The "unforeseen business circumstances" exception applies if, under Illinois law, "the need for a notice was not reasonably foreseeable at the time the notice would have been required." 820 ILCS 65/15(a)(2). Under Federal law, "[a]n employer may order a plant closing or mass layoff before the conclusion of the 60-day period if the closing or mass layoff is caused by business circumstances that were not reasonably foreseeable as of the time that notice would have been required. 29 U.S.C. § 2102(b)(2)(A).
The Code of Federal Regulations provides additional guidance on "unforeseen business circumstances":
An important indicator of a business circumstance that is not reasonably foreseeable is that the circumstance is caused by some sudden, dramatic, and unexpected action or condition outside the employer's control. A principal client's sudden and unexpected termination of a major contract with the employer, a strike at a major supplier of the employer, and an unanticipated and dramatic major economic downturn might each be considered a business circumstance that is not reasonably foreseeable. A government ordered closing of an employment site that occurs without prior notice also may be an unforeseeable business circumstance. 20 CFR § 639.9(b)(1).
The test for determining when business circumstances are not reasonably foreseeable focuses on an employer's business judgment. The employer must exercise such commercially reasonable business judgment as would a similarly situated employer in predicting the demands of its particular market. The employer is not required, however, to accurately predict general economic conditions that also may affect demand for its products or services. 20 CFR § 639.9(b)(2).
The Illinois exceptions expressly only apply to a "plant closing", but not a "mass layoff", while the Federal exceptions expressly apply to both a "plant closing" or "mass layoff." 29 U.S.C. § 2102(b)(2)(A); 820 ILCS 65/15(a)(2).
Even if Exception to 60 Day Rule Applies, Employer Still Required to Give "As Much Notice As Is Practicable"
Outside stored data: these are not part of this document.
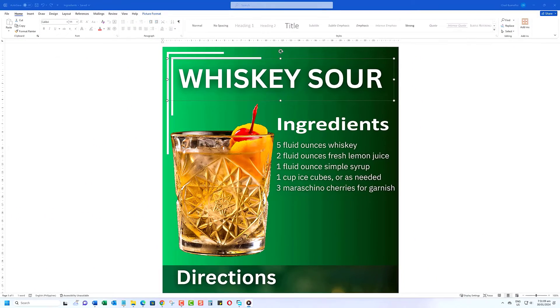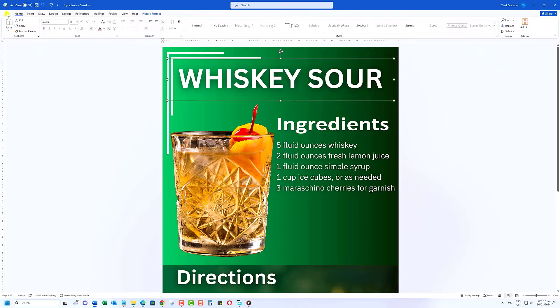Once you're satisfied with your Canva design, don't forget to save your Word document. You can save it in Word format.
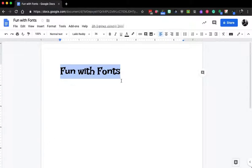So that's just some font fun that you can do in Google. I hope you find it helpful and have a great day.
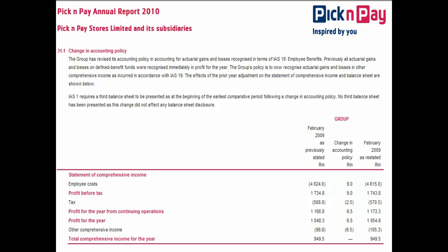A change in accounting policy as well as a correction of a prior period error is disclosed in the notes. The effect on each adjusted line item is disclosed, as well as the effect on earnings per share and diluted earnings per share.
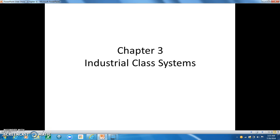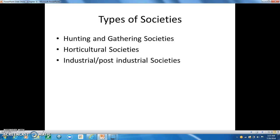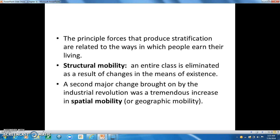Chapter 3 looks at industrial class systems. The principal forces that produce stratification are related to the ways in which people earn their living. In the non-industrial world, the majority of people are small farmers or peasants, and when they look up from the toil in the fields, they see members of higher social strata — such as the landlords, the moneylenders, the military chiefs, the religious leaders. These groups control the peasants' means of existence, which is the land and the resources needed to make it produce.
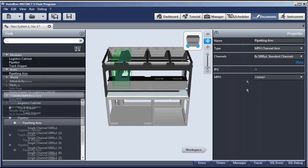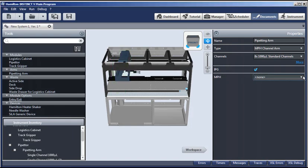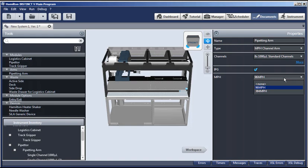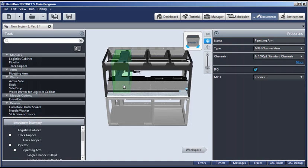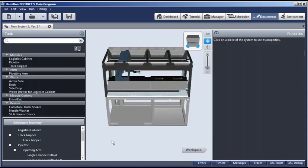And the other information about it is over here in the properties. For example, we can add an independent plate gripper, the IPG, by clicking this box. And you could add a 96 or 384 head. And when you do, you'll see it appear. We won't be using that for this video, so you can change it back to none. And any mistakes you made, simply select the item. You can use the right mouse click and delete it. So it's that easy. Click in the open area, and everything is back to the way it was.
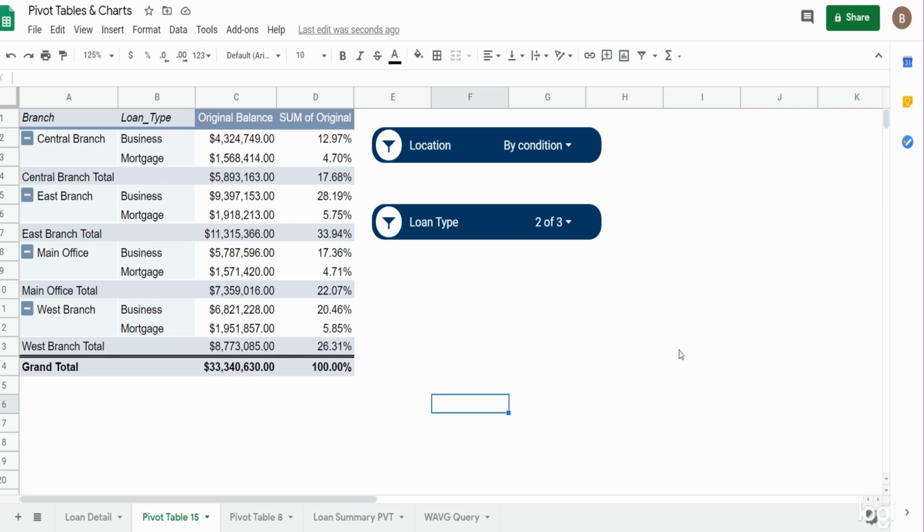So that is just some of the basic features of pivot tables and slicers in Google Sheets. Hey, if you like what you saw today, please subscribe to the Excel Cave. Thanks for watching.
Both Illinois and Federal law require, that even if an employer is excused from providing 60 days notice due to the "faltering business," "unforeseen business circumstances" or "natural disaster" exceptions, the employer "shall provide as much notice as is practicable and at that time shall provide a brief statement of the basis for reducing the notification period." 29 U.S.C. § 2102(b); 820 ILCS 65/15 (d). That requirement was recently upheld by a federal court in Chicago, holding: "even if [the employer] qualified for the unforeseen business circumstances or faltering company exceptions, it was still required to provide WARN Act notice as soon as was practicable." Newman as Trustee of World Marketing Trust v. Crane, Heyman, Simon, Welch & Clar, No. 17 c 6978, 2020 WL 374693, *5-6 (N.D. Ill. Jan. 22, 2020). The Newman Court cited U.S. Department of Labor regulations which instruct that "as much notice as is practicable . . . may, in some circumstances, be notice after the fact." Id. at *6 (quoting 20 C.F.R. § 639.9). The Newman Court also highlighted that fact that the notice, even after the fact, must "contain a statement explaining the basis for reducing the notice period." Id. at *6.
1. For example, while Illinois and the Federal WARN Act require 60 days notice, New York requires 90 days notice.
2 The Federal WARN Act applies to employers with 100 or more employees (or equivalents). New York requires a WARN notice for employers with 50 employees shutdown of a single site of employment, if the shutdown results in the loss of employment for 50 or more "full-time" employees. 820 ILCS 65/5(f).